August 9, 2003
This morning’s paper reports that the editor of Esquire is pulling the plug on the Jayson Blair stunt. (Blair is the former New York Times reporter who faked a bunch of stories, and the resulting scandal shocked the media world. Blair was fired and the two top editors lost their jobs as well.) David Granger, editor in chief of Esquire, is quoted by AP as saying, “It was intended as a joke that readers would see when they picked up the issue. All the news reports took away that element of surprise.”
I have been a huge fan of Esquire since my college days, and when I told Bob Brink, he set up a breakfast with David Granger when we were in New York last week. As we were being seated in the dining room of the New York Athletic Club overlooking Central Park, I told David I thought the Jayson Blair stunt was brilliant (Granger hired Blair to review Shattered Glass, a film about Stephen Glass who also fabricated stories). I had seen the news report on a crawl while watching CNN and remarked to my staff the next day that whoever thought that up is a genius.
But when I praised him, David reacted in an embarrassed, irritated way: “They’ve totally misconstrued what we were trying to do!” he told me. I could tell by his discomfort that someone had gotten to him. I’m guessing, but someone had definitely shamed him. I tried to tell him he is too close to it, that the rest of us in America “get it” but I could tell he was the lightning rod and the heat of the flash was melting his shoes. I made a mental note to remember this when my petty Wyatt Earp critics get to throwing darts at my rear end.
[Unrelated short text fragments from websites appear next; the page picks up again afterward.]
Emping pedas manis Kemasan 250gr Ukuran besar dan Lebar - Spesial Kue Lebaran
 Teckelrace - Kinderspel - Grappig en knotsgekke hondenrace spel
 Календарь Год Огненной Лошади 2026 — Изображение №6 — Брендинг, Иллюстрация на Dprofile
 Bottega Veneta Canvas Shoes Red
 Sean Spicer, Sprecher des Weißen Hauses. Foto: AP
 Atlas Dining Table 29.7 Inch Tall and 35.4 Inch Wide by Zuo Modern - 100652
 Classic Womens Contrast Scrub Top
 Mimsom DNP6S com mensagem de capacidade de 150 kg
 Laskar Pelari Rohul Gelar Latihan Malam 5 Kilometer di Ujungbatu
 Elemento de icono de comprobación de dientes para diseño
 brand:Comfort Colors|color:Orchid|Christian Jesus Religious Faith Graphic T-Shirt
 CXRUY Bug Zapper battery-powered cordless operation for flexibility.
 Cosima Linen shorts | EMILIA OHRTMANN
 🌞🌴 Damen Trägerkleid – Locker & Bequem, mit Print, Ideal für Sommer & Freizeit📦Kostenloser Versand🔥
So David Granger pulled the plug on a clever marketing ploy and he got more press doing it. The big question is: would he have gotten even more press (and more readers) if he had not reined in his horse in the middle of a jump? We’ll never know. And that is the question that haunts editors every day of the week.
The kicker to this whole episode is that when Kathy and I had a layover in Cleveland on the way home last Sunday, I went to get some coffee and a young, black guy came in behind me with a young woman who reeked of being a publicity flack-book tour baby sitter (Blair is allegedly fielding book offerings). I have seen oodles of these types in my decade of being on the radio. I instantly recognized him. It was Jayson Blair (his face made the cover of Newsweek during the scandal). Or was it him? I was 95% sure, but the fear factor was pretty strong. Why would he be in Cleveland? Why would he be flying to Phoenix (he rode in our plane in first class) Ultimately I decided it was too much of an insult to ask: “Hey, excuse me, are you Jayson Blair, the ex-New York Times reporter who has zero credibility?” So I will probably never know if it was in fact the Jayson Blair. And, yes, I reined in my own horse in the middle of a jump.
"Enthusiasm is a volcano on whose top never grows the grass of hesitation."